Тянутся годы и годы в одиночестве - мучительная, безотрадная жизнь. И невероятными кажутся письма, которые пишет Николай Гаврилович жене и детям, - письма, полные тепла, света, нежности и любви; они месяцами идут сквозь ночь, сквозь снег.
Так проходят долгие семь лет. И вот Чернышевский накануне освобождения. Какое письмо пишет он своей жене, Ольге Сократовне!
"Милый мой друг. Радость моя, единственная любовь и мысль моя... пишу в день свадьбы нашей. Милая радость моя, благодарю тебя за то, что озарена тобою жизнь моя... 10-го августа кончается мне срок оставаться праздным, бесполезным для тебя и детей. К осени, думаю, устроюсь где-нибудь в Иркутске или около Иркутска и буду уж иметь возможность работать по-прежнему... Скоро все начнет поправляться.

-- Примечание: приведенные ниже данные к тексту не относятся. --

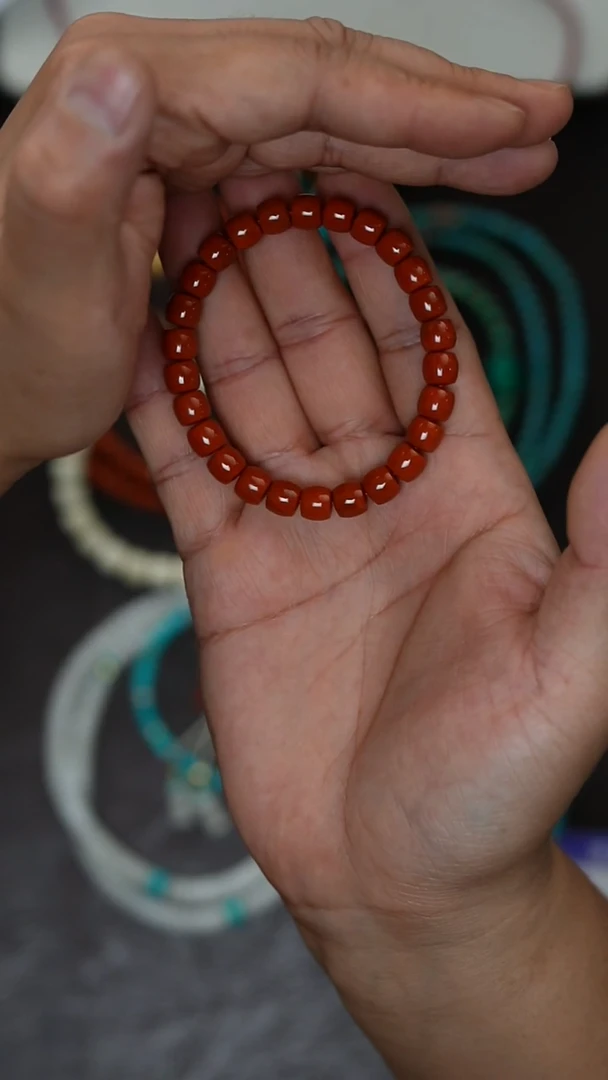 南红玛瑙手串未镶嵌南红手串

С нынешней же осени..."
Каждое слово дышит уверенностью в скором свидании, надеждой на встречу. А вместо этого - ссылка в Вилюйск и еще долгие, бесконечные тринадцать лет одиночества. Холодная, суровая зима тянется полгода, вокруг - болота, тундра. Это самая тяжелая пора заключения, даже не освещенная надеждой на освобождение. Ничего впереди. Одиночество, ночь, снег...
И вот тогда к Чернышевскому приезжает полковник Винников и передает ему предложение правительства: подать прошение о помиловании. В награду обещано освобождение, возвращение на родину.
"В чем же я должен просить помилования? - говорит в ответ Чернышевский. - Это вопрос... Мне кажется, я сослан только потому, что моя голова и голова шефа жандармов Шувалова устроены на разный манер, а об этом разве можно просить помилования? Благодарю вас за труды... От подачи прошения я положительно отказываюсь..."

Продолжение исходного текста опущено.